• _What to do_:
Make an exact copy, without pictures, of the lines below from the one containing "Mia Julia And" to the last line, both ends included.

• _Material provided_:
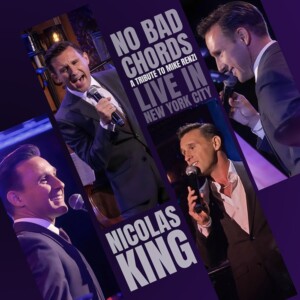 Nicolas King to Release NO BAD CHORDS: LIVE IN NEW YORK CITY & Launch Tour Photo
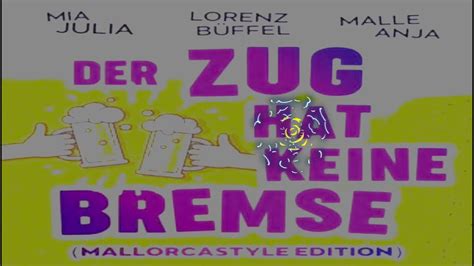 Mia Julia And Lorenz Büffel And Malle Anja Der Zug Hat Keine Bremse Bk Standard Remix Youtube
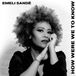 How Emeli Sandé - How Were We To Know (CD)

• _Answer for the task_:
 Mia Julia And Lorenz Büffel And Malle Anja Der Zug Hat Keine Bremse Bk Standard Remix Youtube
 How Emeli Sandé - How Were We To Know (CD)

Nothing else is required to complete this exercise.